I am running simulations and fitting linear models with .lm.fit()
. Although extremely fast, this function does not provide the predictors' p-values. Is there a fast way to compute them (maybe from the values returned by .lm.fit()
)? I am aware of this method to calculate approximate p-values, but I need the exact ones.
Update:
Dirk Eddelbuettel provided the fastest way to fit the lm and Ben Bolker a method to compute the p-values, by combining both answers we get:
set.seed(101)
X <- cbind(1,matrix(1:10))
y <- rnorm(10)
mdl <- RcppArmadillo::fastLmPure(X, y)
pval <- 2*pt(abs(mdl$coefficients/mdl$stderr), mdl$df.residual, lower.tail=FALSE)

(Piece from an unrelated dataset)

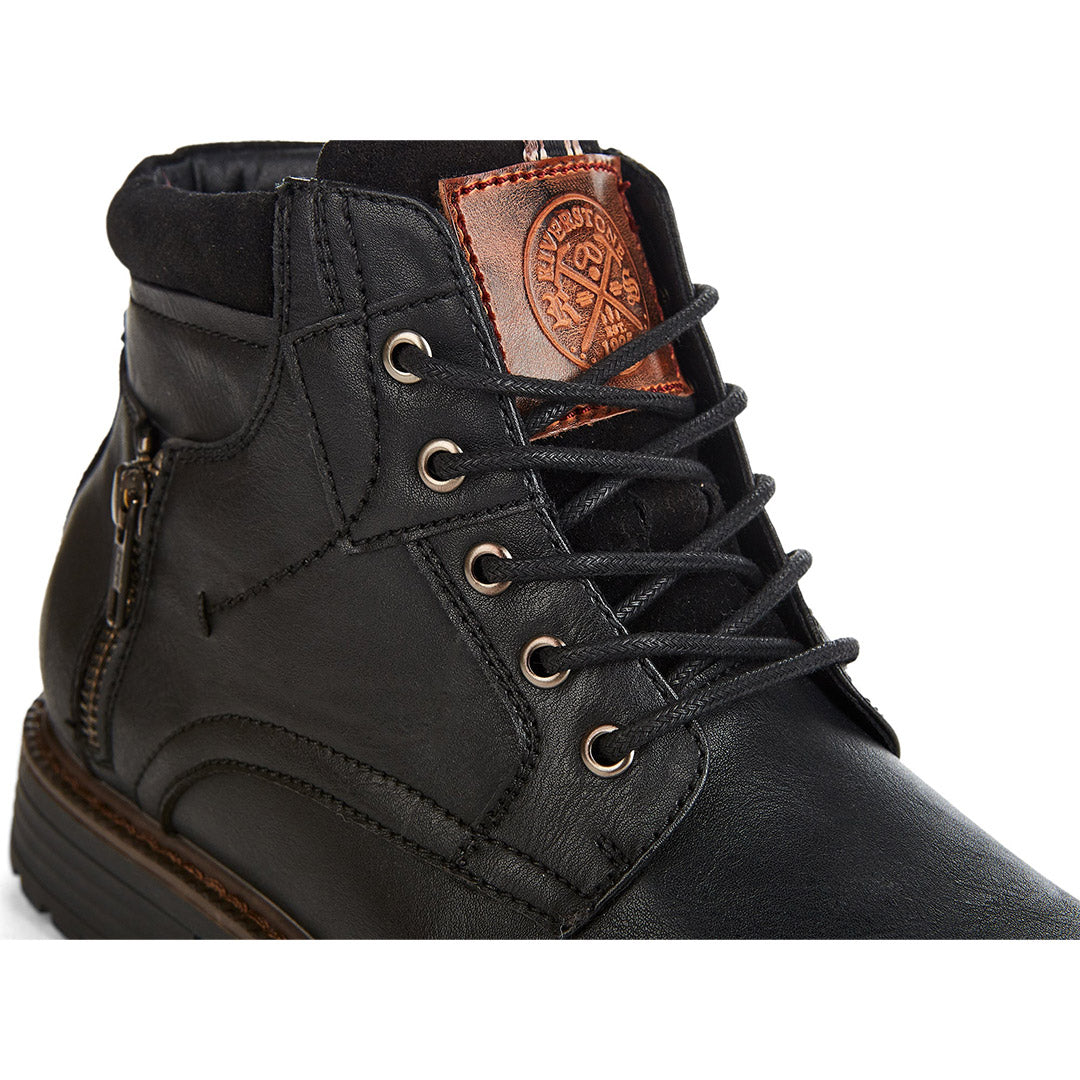 109899-01-roadjack-06-Road Jack-Men's Fashion Light Boots-Riverstone-Yellow Shoes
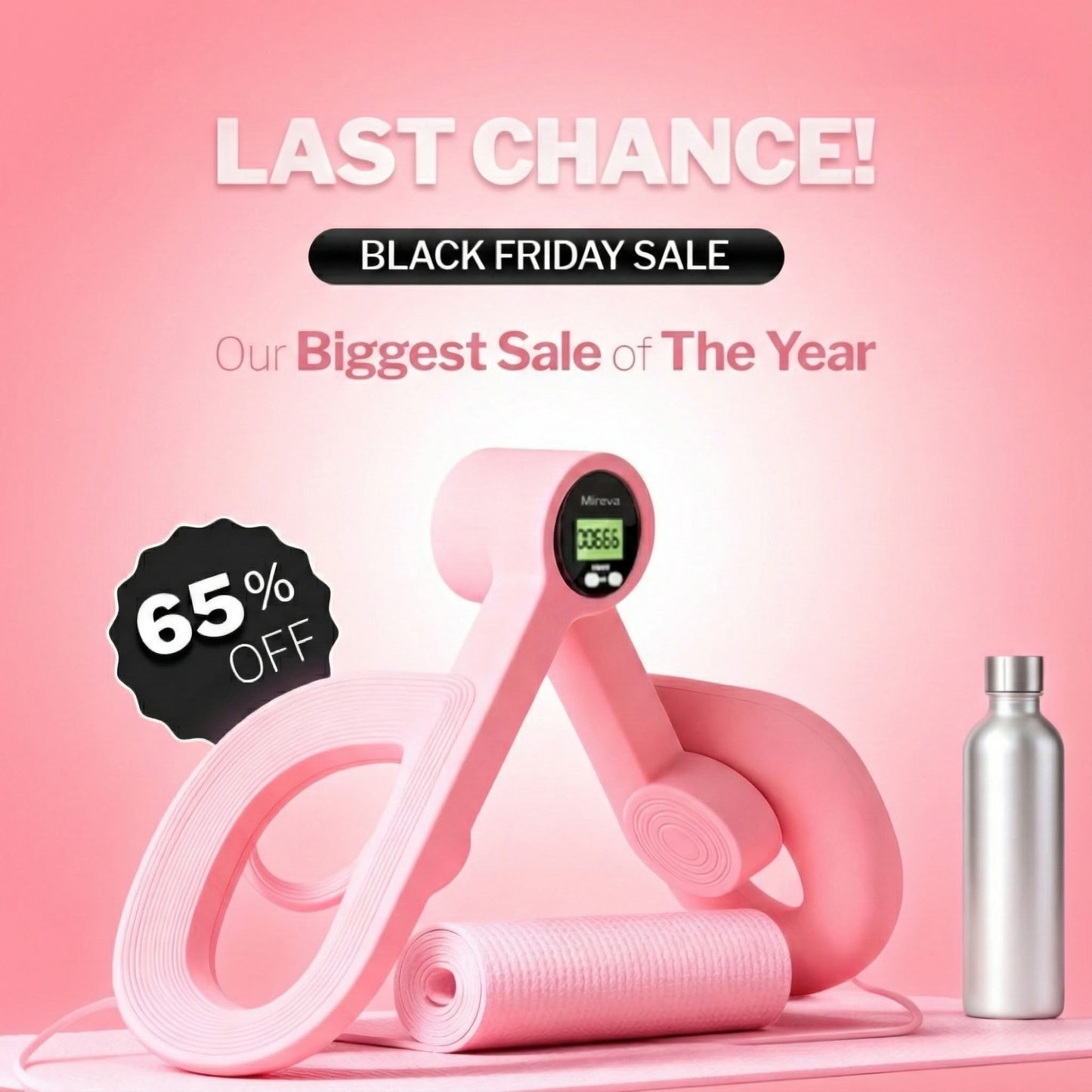 🔥Hot Sale🔥50% OFF! Anti-Slip Pelvic Floor Trainer – Tone Thighs & Strengthen Core Fast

Dirk's answer will be faster, but in case it's convenient here's the implementation in pure R (extracting the bits you need from summary.lm
, and assuming there are no issues with non-full-rank model matrices etc.)
Example:
set.seed(101)
X <- cbind(1,matrix(1:10))
y <- rnorm(10)
m <- .lm.fit(X,y)
p-value calcs:
rss <- sum(m$residuals^2)
rdf <- length(y) - ncol(X)
resvar <- rss/rdf
R <- chol2inv(m$qr)
se <- sqrt(diag(R) * resvar)
2*pt(abs(m$coef/se),rdf,lower.tail=FALSE)
Compare with:
coef(summary(lm(y~X-1)))[,"Pr(>|t|)"]